A ajuda humanitária tinha o objetivo de jogar a população desesperada –
mais de 90% não têm dinheiro para alimentar a família – contra Maduro e
fomentar uma divisão nas Forças Armadas, o que poderia provocar uma guerra
civil. Mas não houve a deserção em massa esperada pela oposição venezuelana e
os EUA. Para comprar a lealdade ao regime, a Venezuela tem hoje 2 mil generais.
Durante o governo Chávez, os militares ocupavam 200 a 300 cargos no
governo venezuelano. Hoje, são mais de mil. Além disso, as milícias chavistas,
os coletivos, teriam cerca de 500 mil
homens dispostos a defender o regime. Os índios mortos na fronteira com o Brasil foram assassinados pelas milícias
chavistas e não pela Guarda Nacional Bolivariana.
Tradicionalmente, a política externa brasileira é pacifista e legalista.

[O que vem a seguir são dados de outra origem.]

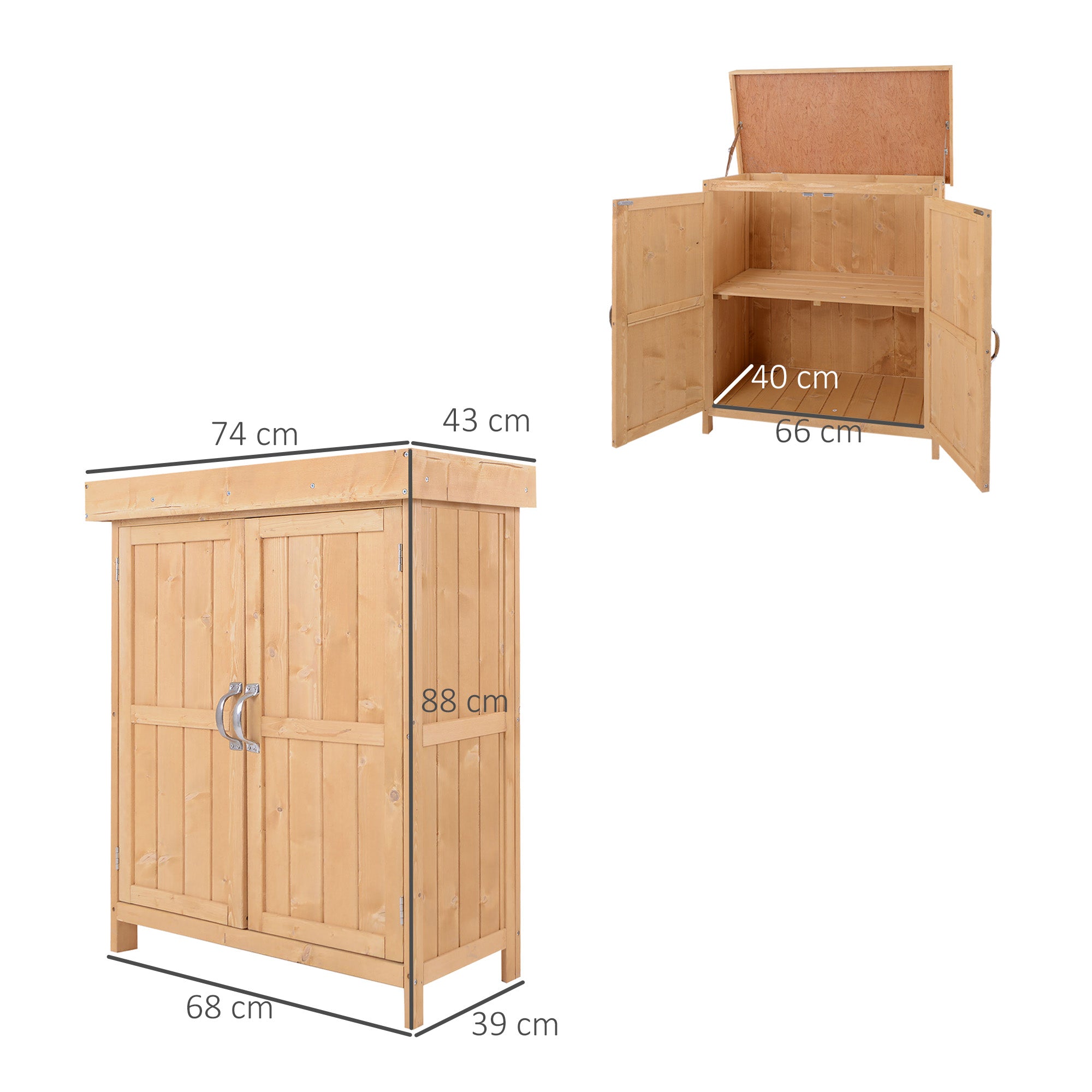 Outsunny Outdoor Garden Storage Shed, Cedarwood-Burlywood Colour - anydaydirect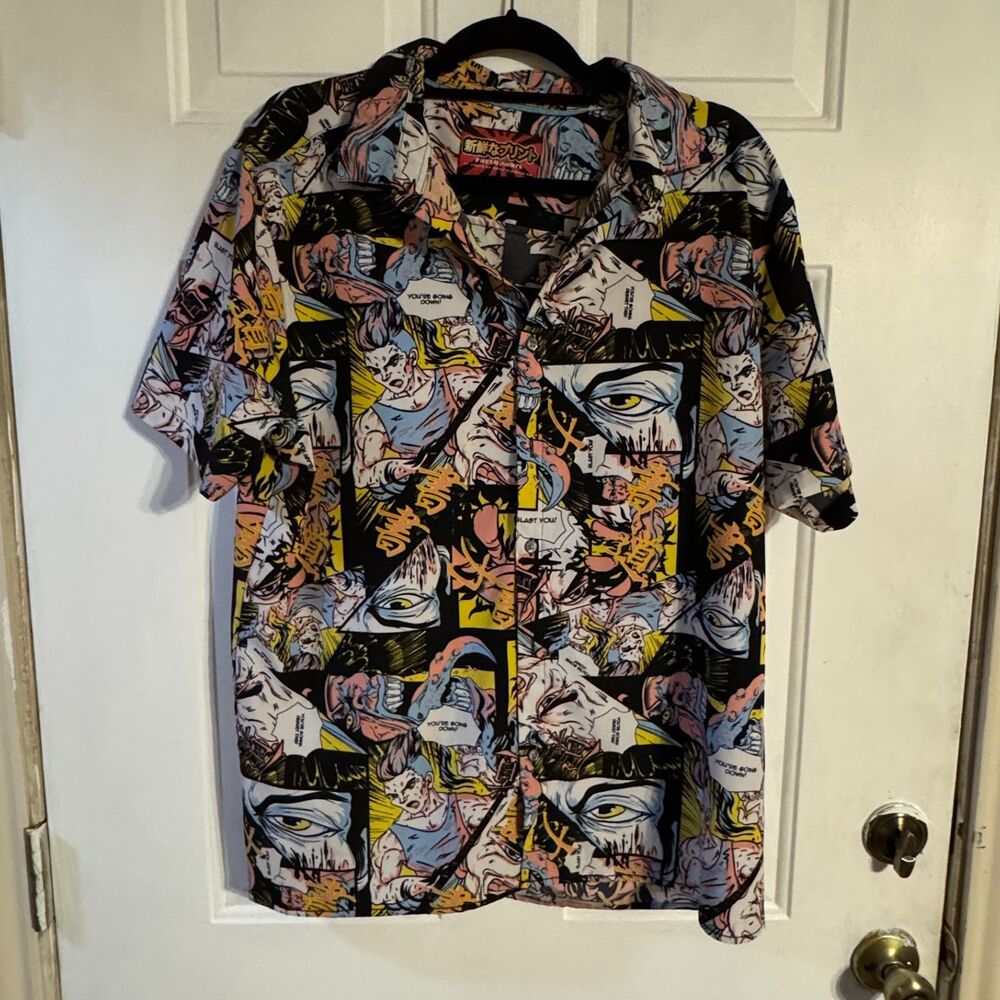 Fresh Prints Tokyo Anime Manga Comic Button Up Shirt Mens XL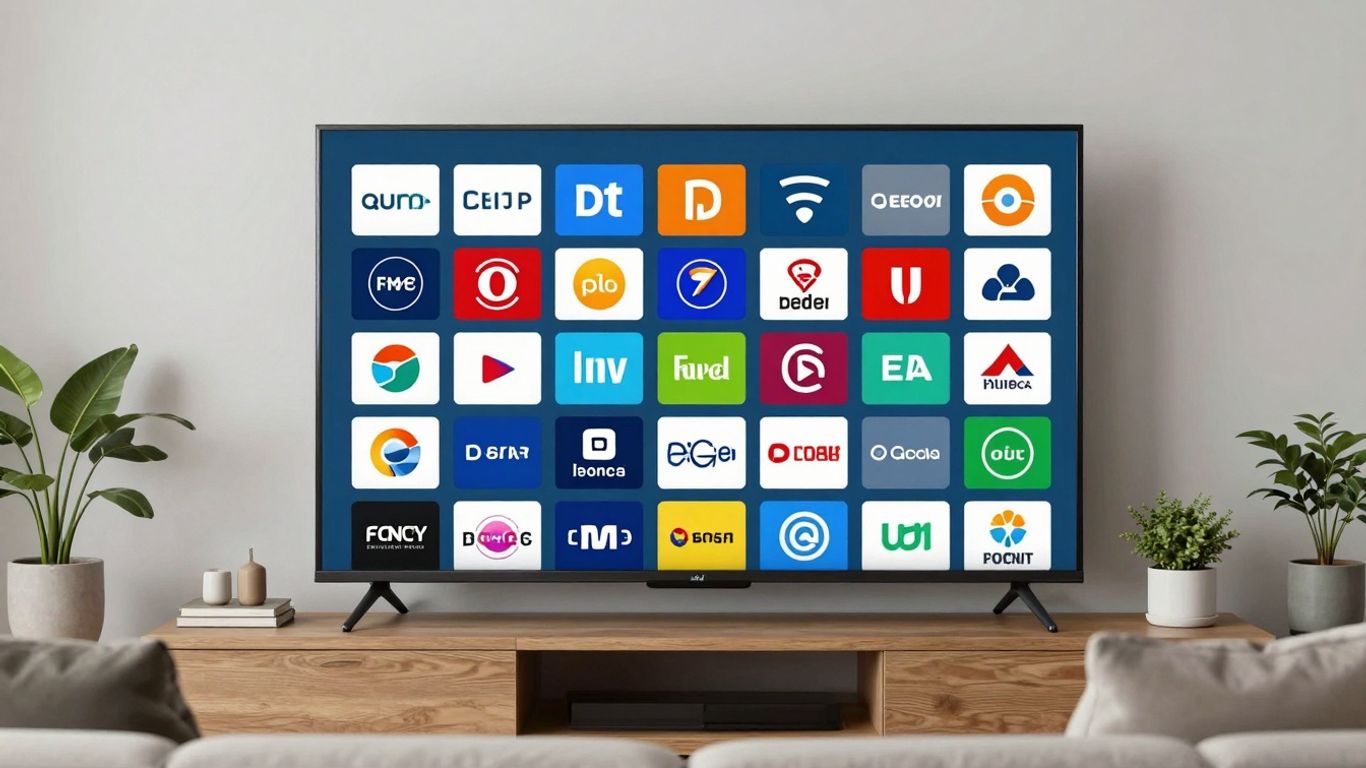 Television screen showing IPTV channel logos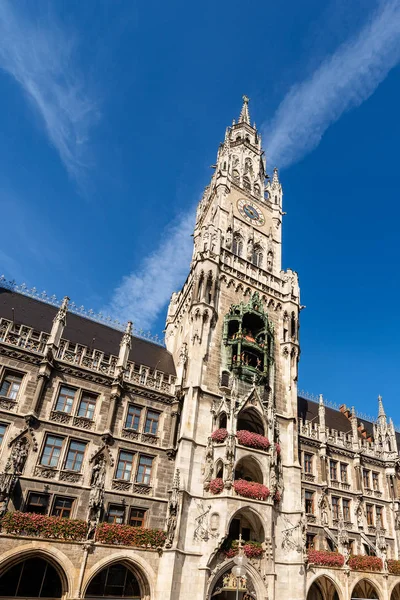 The New Town Hall of Munich - Neue Rathaus, XIX century neo-Gothic style palace in Marienplatz, the town square in historic center. Germany, Europe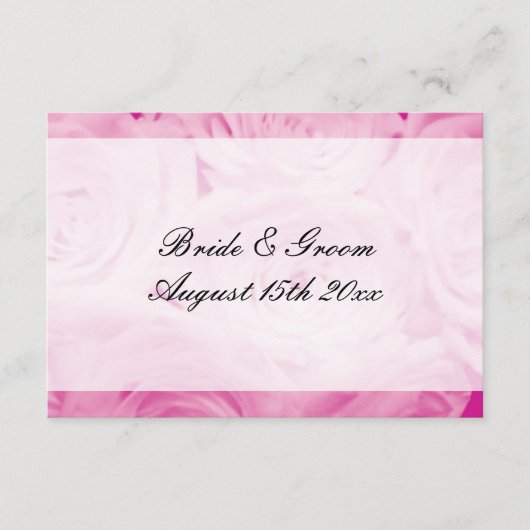 Rosa Rosa Blume Blumengarten Hochzeitssuite Begleitkarte (Vorderseite)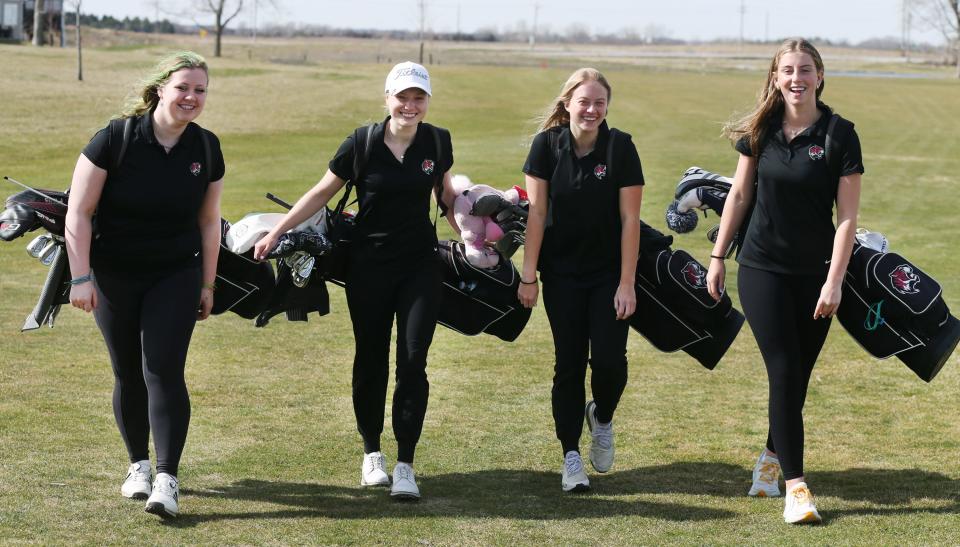 Macy Underwood, Eden Lohrbach, Josie Dukes and Haley Loonan want to set some records before their golfing careers at Gilbert come to an end.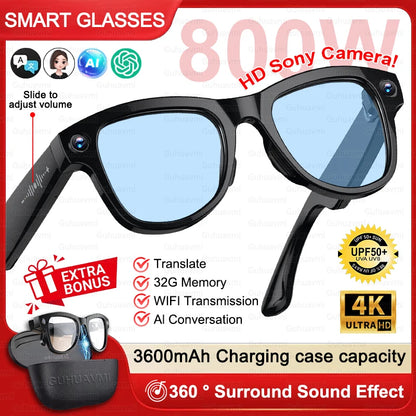 2026 New 4K HD AI Smart Glasses Men 800W Pixel Camera Bluetooth Call 4GB WIFI Transmission 3600mAh Battery Smart Glasses Women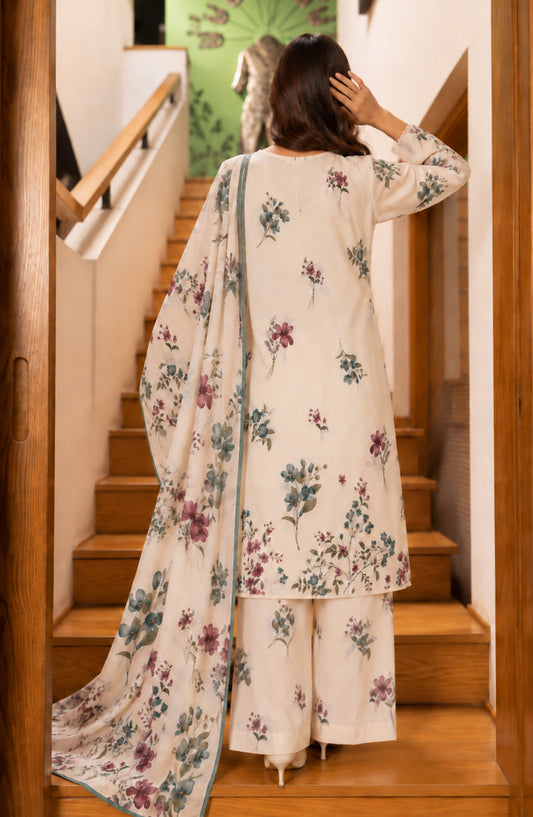 Amna Khadija Printed Cotton Stitched 3 Piece Suit - AKED-05 - AM26VRY - Off White - Summer Collection
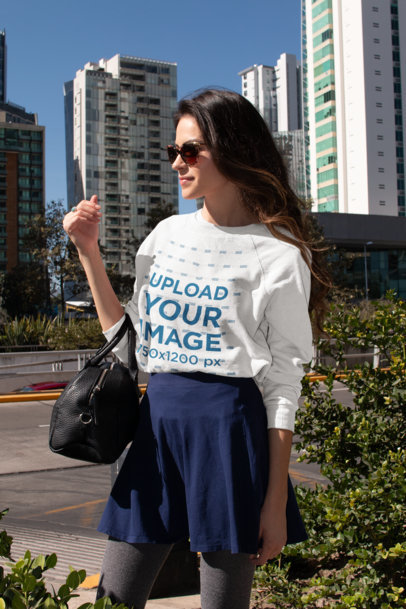 Sweatshirt Mockup Featuring a Woman Wearing a Fashionable Outfit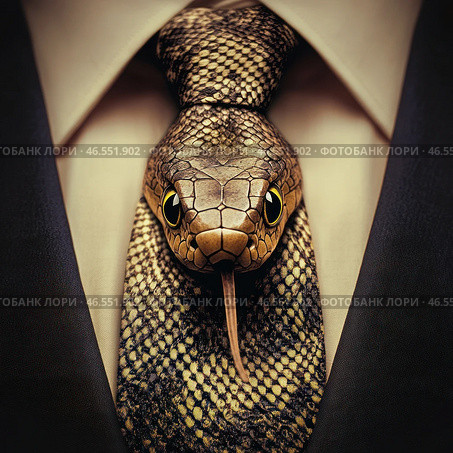An unusual and creative concept of a tie that looks like a real snake. Its texture, pattern and even the eyes create a realistic effect as if the snake is coiled around the collar of the shirt, sticking out its tongue. The man is dressed in a business suit with a white shirt and a black jacket, which creates a contrast between the formal style and the wild, dangerous aesthetic of the snake. This image can be interpreted as a symbol of cunning, power, danger or duplicity. Стоковое AI-изображение, AI-художник Анна Кривицкая / Фотобанк Лори
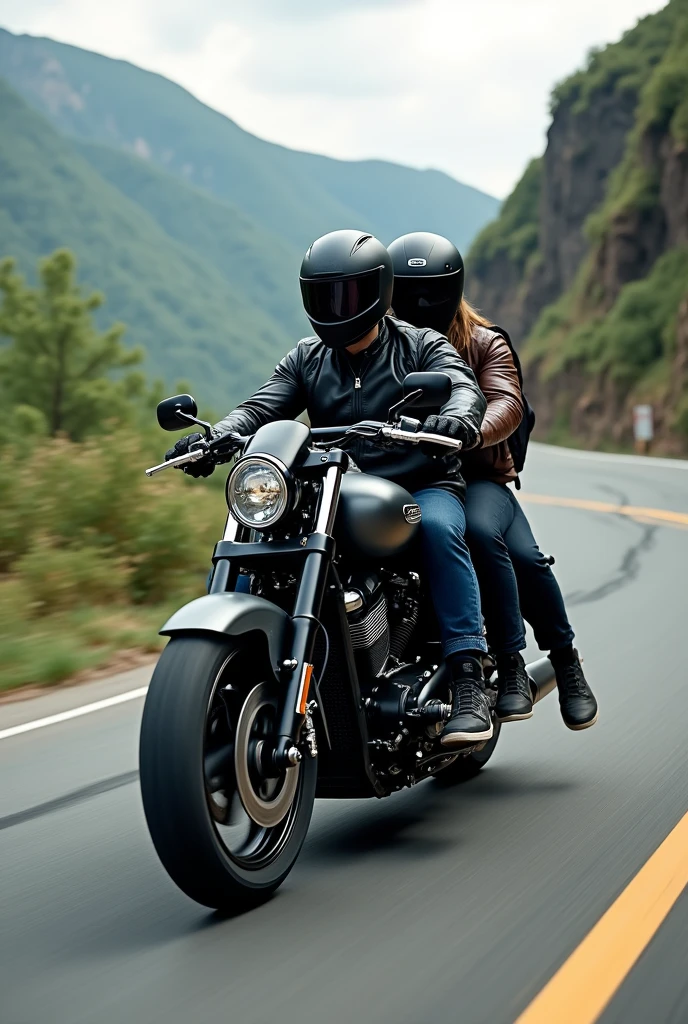A realistic motorcycle with passengers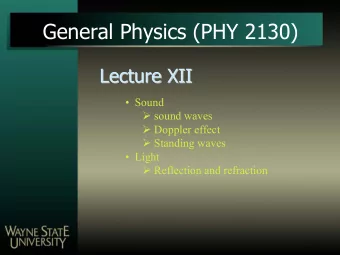 General Physics (PHY 2130)  Lecture XII  Lecture XII   Sound  sound waves  Doppler effect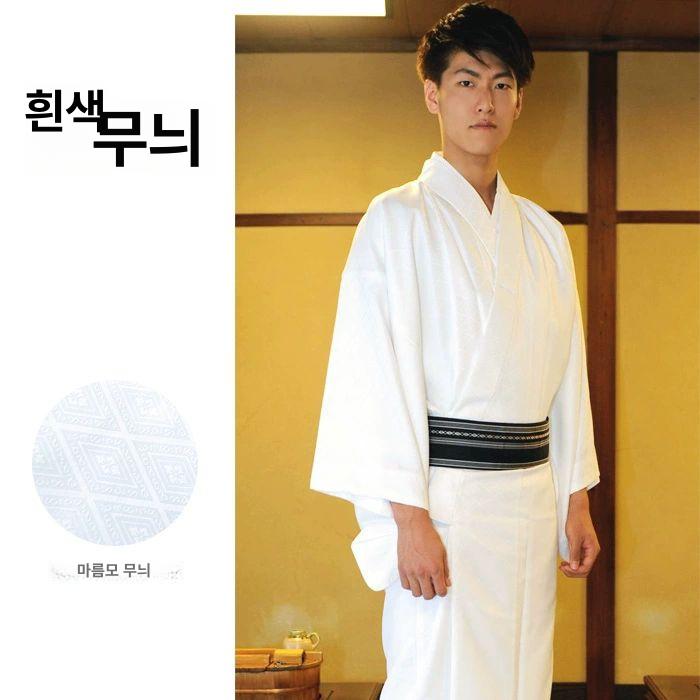일본 남성 기모노 전통 잠옷 유카타 온천옷 목욕가운 9번 그레이 블루 의상 M - 상세 이미지 5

Defende a solução negociada dos conflitos internacionais. Mas os organismos
regionais, como a Unasul, fracassaram diante da crise venezuelana, abrindo
espaço para a interferência dos EUA.
O governo paralelo de Juan Guaidó, presidente da Assembleia Nacional,
eleita em dezembro de 2015 nas últimas eleições democráticas na Venezuela, tem
o apoio de 52 países, inclusive a maioria da América Latina e 16 dos 28 membros
da União Europeia. Estão fora os governos de ultradireita da Itália, Hungria e
Polônia, justamente os preferidos por nosso obscuro chanceler.
Ao se aliar aos EUA, o governo Bolsonaro abdica do papel de mediador
que caberia ao Brasil como líder natural da América do Sul. Resta manter a
articulação com os países que apoiam Guaidó mas são contra a intervenção
militar e aguardar o colapso inevitável da economia venezuelana, com enorme
risco de guerra civil.
Como disse o embaixador Rubens Ricupero em entrevista recente à GloboNews, a
segurança da Venezuela é feita com a colaboração de assessores cubanos. O
próprio Maduro foi indicado por Fidel, quando Chávez hesitava entre ele e Diosdado
Cabello, hoje presidente da Assembleia Constituinte convocada por Maduro para
usurpar o poder da Assembleia Nacional dominada pela oposição.
“São bolcheviques”, observou Ricupero, “e bolcheviques não entregam o
poder sem luta.”
A pressão de Trump e Bolsonaro visa a provocar uma cisão nas forças que apoiam o regime chavista e um golpe contra Maduro.